THE public's seemingly insatiable appetite for tracker bonds continues to be fed, with two more products coming on the market from the Irish Nationwide Building Society and from Ark Life, the life assurance arm of AIB Bank.
The Irish Nationwide bond, called Century Bond 2000 matures, as its name suggests, on May 31st, 2000. It tracks the indices of eight world stock markets - 25 per cent USA, 25 per cent Japan, 15 per cent British, 10 per cent France, 10 per cent Holland and 5 per cent each from Switzerland, Spain and Germany - and aside from the capital guarantee, also guarantees a minimum 12 per cent gross return at the end of the three and a half years.
There is no upward limit on the total return available from the indices performance. The minimum investment is £3,000 and final returns are averaged over the last six months to protect investors against any sudden market falls.
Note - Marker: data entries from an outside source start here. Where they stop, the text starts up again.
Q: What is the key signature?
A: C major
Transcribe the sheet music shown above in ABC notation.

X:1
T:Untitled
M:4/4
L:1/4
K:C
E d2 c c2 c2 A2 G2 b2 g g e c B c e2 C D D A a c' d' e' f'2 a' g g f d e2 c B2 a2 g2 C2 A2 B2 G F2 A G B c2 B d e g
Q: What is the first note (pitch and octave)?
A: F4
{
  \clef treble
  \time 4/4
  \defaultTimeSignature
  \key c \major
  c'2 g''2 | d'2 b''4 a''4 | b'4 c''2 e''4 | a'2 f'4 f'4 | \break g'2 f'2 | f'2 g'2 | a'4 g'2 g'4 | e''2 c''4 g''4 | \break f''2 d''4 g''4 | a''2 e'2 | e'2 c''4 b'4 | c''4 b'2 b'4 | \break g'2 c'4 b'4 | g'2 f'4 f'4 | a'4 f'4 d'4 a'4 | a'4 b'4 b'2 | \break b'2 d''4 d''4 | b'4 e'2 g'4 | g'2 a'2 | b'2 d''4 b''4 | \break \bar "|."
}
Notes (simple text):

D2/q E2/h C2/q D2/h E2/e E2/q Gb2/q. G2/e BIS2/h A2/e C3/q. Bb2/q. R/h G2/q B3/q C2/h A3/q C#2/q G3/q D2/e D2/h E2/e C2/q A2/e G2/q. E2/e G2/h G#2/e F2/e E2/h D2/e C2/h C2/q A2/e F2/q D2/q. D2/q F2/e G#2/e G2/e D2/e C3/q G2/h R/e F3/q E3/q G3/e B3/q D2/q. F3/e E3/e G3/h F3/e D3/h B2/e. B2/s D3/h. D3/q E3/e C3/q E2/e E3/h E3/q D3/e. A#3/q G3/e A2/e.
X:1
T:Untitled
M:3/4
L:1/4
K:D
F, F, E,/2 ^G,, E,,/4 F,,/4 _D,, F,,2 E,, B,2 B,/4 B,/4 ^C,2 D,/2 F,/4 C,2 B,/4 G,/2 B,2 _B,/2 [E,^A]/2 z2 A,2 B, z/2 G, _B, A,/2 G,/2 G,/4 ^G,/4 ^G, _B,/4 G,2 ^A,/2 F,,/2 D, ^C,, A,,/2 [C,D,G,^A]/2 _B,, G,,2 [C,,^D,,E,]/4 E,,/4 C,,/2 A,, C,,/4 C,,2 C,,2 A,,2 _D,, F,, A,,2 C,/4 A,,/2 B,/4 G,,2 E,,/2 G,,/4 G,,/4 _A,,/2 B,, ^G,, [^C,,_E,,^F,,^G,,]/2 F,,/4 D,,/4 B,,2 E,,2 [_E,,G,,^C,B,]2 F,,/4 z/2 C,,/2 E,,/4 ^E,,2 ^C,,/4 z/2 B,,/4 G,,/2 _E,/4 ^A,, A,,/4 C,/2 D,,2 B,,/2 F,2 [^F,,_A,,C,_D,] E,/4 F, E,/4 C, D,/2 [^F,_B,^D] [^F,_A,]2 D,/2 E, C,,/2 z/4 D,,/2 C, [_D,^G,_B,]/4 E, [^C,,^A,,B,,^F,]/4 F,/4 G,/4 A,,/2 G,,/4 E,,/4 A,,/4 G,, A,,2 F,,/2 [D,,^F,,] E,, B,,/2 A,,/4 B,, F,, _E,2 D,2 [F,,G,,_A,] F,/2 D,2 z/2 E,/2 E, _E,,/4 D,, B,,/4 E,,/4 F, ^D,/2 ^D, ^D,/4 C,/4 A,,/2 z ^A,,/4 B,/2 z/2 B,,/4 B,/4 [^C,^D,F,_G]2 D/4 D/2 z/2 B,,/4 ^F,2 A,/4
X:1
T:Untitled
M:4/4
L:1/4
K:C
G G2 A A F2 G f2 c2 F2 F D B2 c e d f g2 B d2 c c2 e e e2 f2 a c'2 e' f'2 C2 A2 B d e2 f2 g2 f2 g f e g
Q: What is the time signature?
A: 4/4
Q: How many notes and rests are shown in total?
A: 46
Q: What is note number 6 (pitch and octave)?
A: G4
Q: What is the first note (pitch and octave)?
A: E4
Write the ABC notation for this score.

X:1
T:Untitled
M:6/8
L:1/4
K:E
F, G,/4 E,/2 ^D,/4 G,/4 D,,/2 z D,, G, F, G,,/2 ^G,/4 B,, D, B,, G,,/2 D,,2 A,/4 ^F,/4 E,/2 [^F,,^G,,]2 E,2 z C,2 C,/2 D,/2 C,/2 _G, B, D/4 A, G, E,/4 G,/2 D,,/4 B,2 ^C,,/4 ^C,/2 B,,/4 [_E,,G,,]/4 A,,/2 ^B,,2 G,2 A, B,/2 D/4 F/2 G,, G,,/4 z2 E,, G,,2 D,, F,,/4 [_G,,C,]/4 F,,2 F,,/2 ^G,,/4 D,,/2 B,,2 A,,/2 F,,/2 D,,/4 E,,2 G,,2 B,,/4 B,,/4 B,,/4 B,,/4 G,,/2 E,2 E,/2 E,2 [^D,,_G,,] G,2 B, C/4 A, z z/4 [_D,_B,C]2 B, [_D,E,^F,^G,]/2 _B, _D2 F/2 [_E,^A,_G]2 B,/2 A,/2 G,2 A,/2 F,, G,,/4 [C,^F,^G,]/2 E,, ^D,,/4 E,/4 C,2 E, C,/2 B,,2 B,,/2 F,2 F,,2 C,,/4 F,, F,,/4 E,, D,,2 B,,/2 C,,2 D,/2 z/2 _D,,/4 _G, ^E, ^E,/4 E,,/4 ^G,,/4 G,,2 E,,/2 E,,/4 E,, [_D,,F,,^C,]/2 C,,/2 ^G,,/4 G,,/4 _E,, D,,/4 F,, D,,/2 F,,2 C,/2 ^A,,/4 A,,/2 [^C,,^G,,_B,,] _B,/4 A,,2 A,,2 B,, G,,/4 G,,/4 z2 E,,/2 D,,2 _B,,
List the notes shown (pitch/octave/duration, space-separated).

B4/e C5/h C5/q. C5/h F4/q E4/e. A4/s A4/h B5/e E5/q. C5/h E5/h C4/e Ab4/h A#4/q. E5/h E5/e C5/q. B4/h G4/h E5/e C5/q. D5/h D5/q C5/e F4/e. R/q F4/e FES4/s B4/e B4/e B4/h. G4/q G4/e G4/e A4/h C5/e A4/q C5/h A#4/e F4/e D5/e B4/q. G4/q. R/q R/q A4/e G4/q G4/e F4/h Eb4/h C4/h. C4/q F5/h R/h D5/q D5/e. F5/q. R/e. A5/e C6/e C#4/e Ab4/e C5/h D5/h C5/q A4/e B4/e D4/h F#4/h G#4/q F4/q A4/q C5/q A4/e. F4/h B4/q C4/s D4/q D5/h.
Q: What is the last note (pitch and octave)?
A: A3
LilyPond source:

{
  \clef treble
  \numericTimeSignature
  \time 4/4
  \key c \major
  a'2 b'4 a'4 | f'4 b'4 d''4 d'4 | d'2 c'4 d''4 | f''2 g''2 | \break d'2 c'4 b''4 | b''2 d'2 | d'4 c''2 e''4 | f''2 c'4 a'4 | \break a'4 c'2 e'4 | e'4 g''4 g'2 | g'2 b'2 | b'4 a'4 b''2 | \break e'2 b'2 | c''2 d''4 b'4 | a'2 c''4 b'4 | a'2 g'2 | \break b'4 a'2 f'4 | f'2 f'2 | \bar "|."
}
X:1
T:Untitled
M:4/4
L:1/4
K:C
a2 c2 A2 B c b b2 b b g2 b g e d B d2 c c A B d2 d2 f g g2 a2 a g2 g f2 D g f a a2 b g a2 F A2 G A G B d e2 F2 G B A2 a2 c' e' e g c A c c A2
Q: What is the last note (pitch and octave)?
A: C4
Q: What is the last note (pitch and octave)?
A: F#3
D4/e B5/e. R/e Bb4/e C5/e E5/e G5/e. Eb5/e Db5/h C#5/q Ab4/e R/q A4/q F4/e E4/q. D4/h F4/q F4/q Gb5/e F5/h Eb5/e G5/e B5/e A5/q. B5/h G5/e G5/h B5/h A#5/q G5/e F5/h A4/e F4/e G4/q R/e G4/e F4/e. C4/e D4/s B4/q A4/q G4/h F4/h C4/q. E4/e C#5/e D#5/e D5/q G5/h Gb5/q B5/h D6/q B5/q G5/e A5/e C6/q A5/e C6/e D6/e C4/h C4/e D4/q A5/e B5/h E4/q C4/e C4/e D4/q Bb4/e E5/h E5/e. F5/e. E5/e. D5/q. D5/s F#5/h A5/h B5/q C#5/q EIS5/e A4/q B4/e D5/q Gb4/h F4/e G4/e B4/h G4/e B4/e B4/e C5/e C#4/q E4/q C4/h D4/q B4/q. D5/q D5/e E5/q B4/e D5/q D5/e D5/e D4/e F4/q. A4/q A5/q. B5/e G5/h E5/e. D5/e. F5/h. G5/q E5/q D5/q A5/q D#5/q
This bond closes on November 27th.
The other tracker, is the 10th issue of Ark Life's Guaranteed Tracker Bond. Half the investment (minimum £2,000) is linked to the Eurotrack 100 index representing European stock markets (except Britain ) while the other half is linked to the Nikkei 225. Investors have a choice of either a three or five-year tracking period.
If you choose the three-year bond, at the end of the term you will receive your capital plus a maximum 75 per cent of any rise in the relevant index; choose the five-year bond option and you get 100 per cent of the rise in the relevant index.
These bonds are subject to 27 per cent DIRT, but there is a gross, deposit-based version appropriate to charities, pension funds or non-residents.
Meanwhile AIB, which was the first institution to set up tracker bonds, has produced charts to show the gross maturity values of the first trackers it introduced in 1991. The best performing tracker was the three-year European bond, brought out in January 1991 and matured in January 1994. It produced a gross percentage return of 59.77 per cent or nearly 20 per cent gross per annum. Poor market conditions throughout 1994 took its toll on the two FT-SE 100 bonds that matured in May and December that year with returns of 23.44 and 24.21 per cent gross respectively. The market picked up again over 1995-96 and the five-year FTSE 100 tracker produced just over 50 per cent gross over the period, just over 10 per cent per annum gross.
Chart two is the current posit ion of AIB trackers that have not yet matured. Investors who took out the tracker issued in December 1991 will be delighted to see that it has so far produced a 73.80 per cent gross return or a 15 per cent per annum gross return. It matures in a month. The one, two and three-year returns so far also reflect this kind of annual growth performance.
These high returns are indicative of both the recovery from poor 1994 values and of strong stock markets generally, but anyone thinking about getting back, generally, into the equity market needs to keep in mind the past experience of many ordinary folk who 10 years ago got caught up in all the stock market hype and bought shares when, like today, prices were very high. The 1987 crash proved the inevitable - that which goes must come down.
Investors tempted by the kind of returns made by these trackers need to keep in mind that what they are seeing may be the peaking of the indices, with future five-year period returns falling below these levels.